The establishment of the new segment is aimed at improving liquidity on the stock exchange in Sofia. The BSE has said the segment will offer large institutional investors, which are already trading in foreign-listed stocks via various channels, a much cheaper way to do so, both in terms of trading charges and settlement.
The segment will comprise between 70 and 80 issues of foreign companies, which will be selected after extensive consultations with large institutional investors and other interested parties, one of the BSE CEOs, Vassil Golemanski, said when the plan for establishing the segment was officially announced.

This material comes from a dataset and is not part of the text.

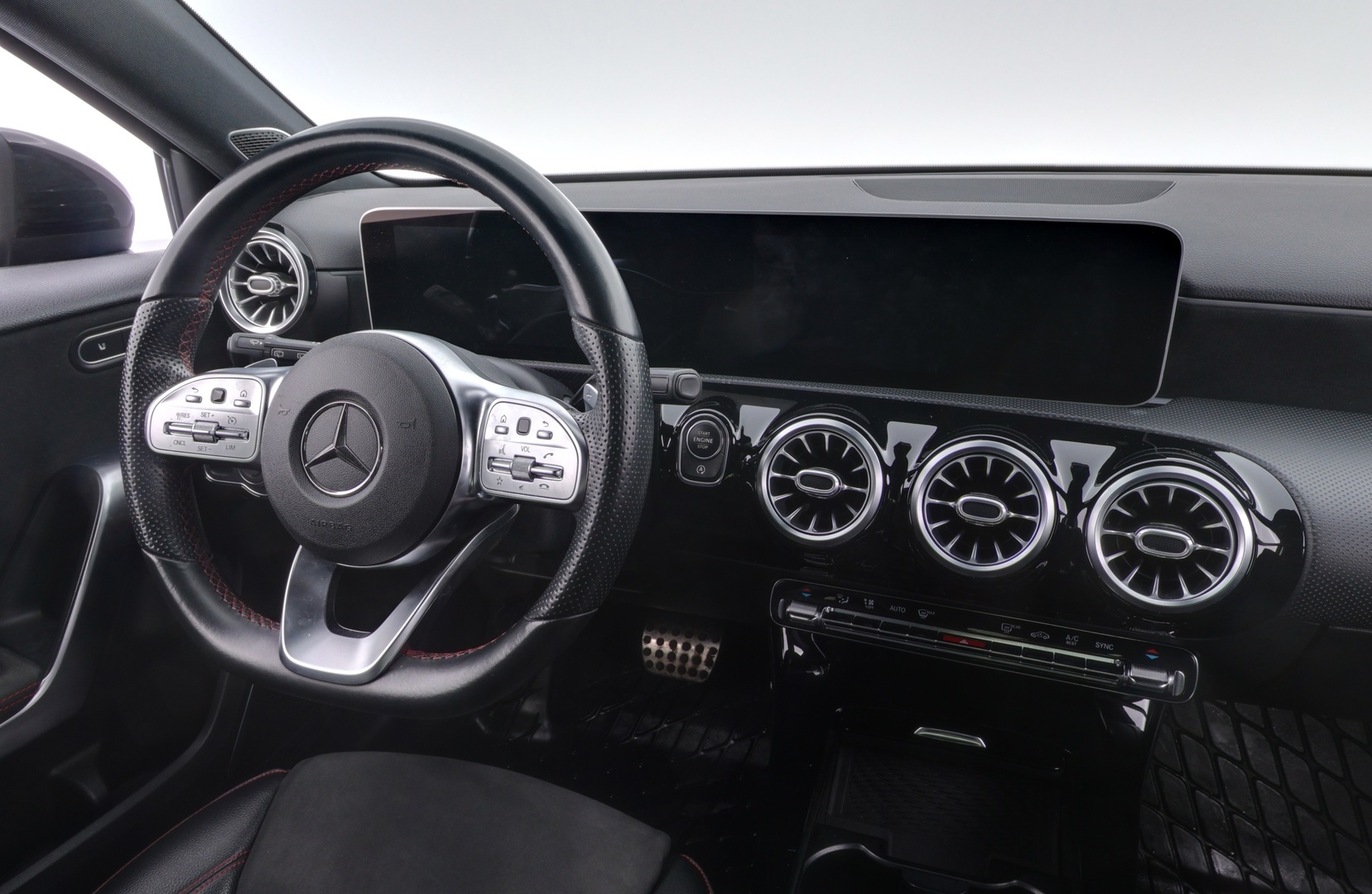 MERCEDES-BENZ A 2018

Low liquidity has long been considered one of the major problems of the Bulgarian Stock Exchange. The global financial crisis only exacerbated the problem, which led to the establishment of a Capital Market Development Council consisting of representatives of regulators and associations of large institutional investors. In November 2016, the Council adopted a Strategy for Development of the Bulgarian Capital Market.
Insufficient liquidity and the lack of instruments in a volume large enough to attract large institutional investors are the most pressing concerns which the BSE is facing, according to the strategy document. To resolve the issues, the parties agreed to work towards improving the quality, quantity and variety of instruments offered on the BSE.

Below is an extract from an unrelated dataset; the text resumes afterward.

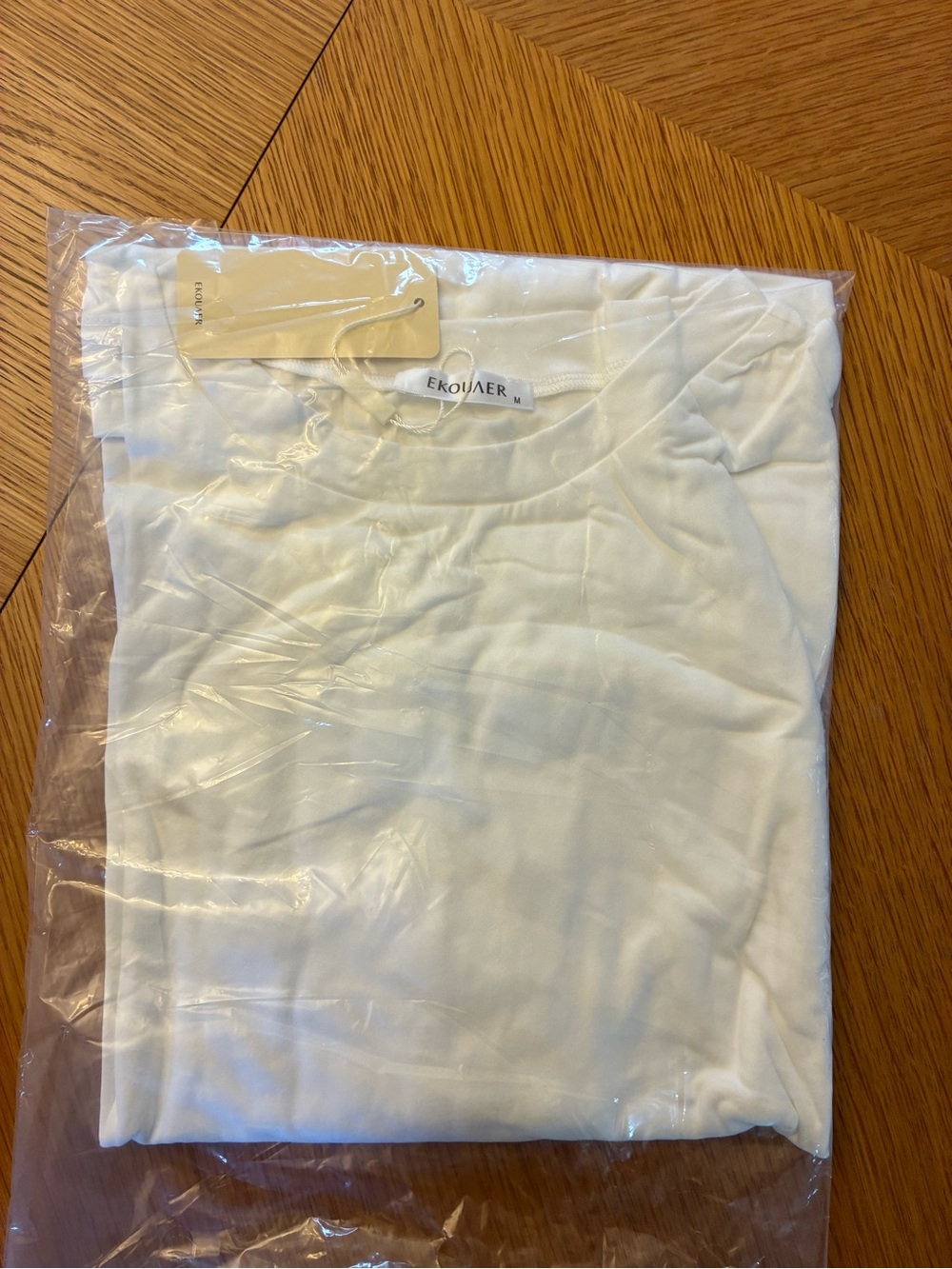 Ekojaer White Long Sleeve Tee - Classic Crewneck (Maternity)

One of the specific measures intended to support the development of the stock exchange in Sofia was to provide local investors with access to foreign markets via the BSE. Consequently, in May 2017, the BSE announced it was planning to set up a BSE International segment. At the time, the BSE also announced it had received approval from the Financial Supervision Commission for changes to its listing and trading rules.
Trading in government bonds off to a slow start
In a bid to further diversify the available instruments on the exchange, on November 1the BSE admitted to trade 20 issues of Bulgarian government securities with a total book value of 5.5 billion levs.
The listing of government securities on the BSE was expected with great interest, as many thought it might attract retail investors, who otherwise have no direct access to such instruments.
However, until the end of 2017 only three transactions in government securities were concluded on the regulated market of the BSE, generating a total turnover of just below 340,000 euro. In January 2018, trade in government bonds slightly picked up and generated a turnover in excess of 1 million euro.
Expat Asset Management's growing family of ETFs
The growing number of Sofia-listed exchange-traded funds (ETFs) of Bulgaria's Expat Asset Management company might also boost liquidity on the BSE.
In August 2016, Expat Asset Management launched its first ETF on the BSE, Expat Bulgaria SOFIX UCITS ETF, which tracks the performance of the BSE's blue-chip SOFIX index through the method of full physical replication. The ETF helped boost liquidity on the BSE as, on the one hand, it attracts serious investor interest, and on the other, it constantly buys and sells shares of blue-chip companies, in order to keep up with the SOFIX rebalancing.
In January and February, Expat Asset Management listed a further eight ETFs on the BSE, each of which tracks the performance of the blue-chip index of one of eight stock exchanges in Central and Eastern Europe, i.e. the bourses of Croatia, the Czech Republic, Greece, Hungary, Poland, Romania, Slovakia and Slovenia. The company also plans to launch a further two ETFs, which will track the blue-chip indices in Macedonia and Serbia.
The ETFs are expected to overcome deficiencies typical for stock exchanges in the region such as lack of liquidity, lack of access, cross-border settlement issues, high execution costs, large spreads, and other technical factors, according to Expat Asset Management.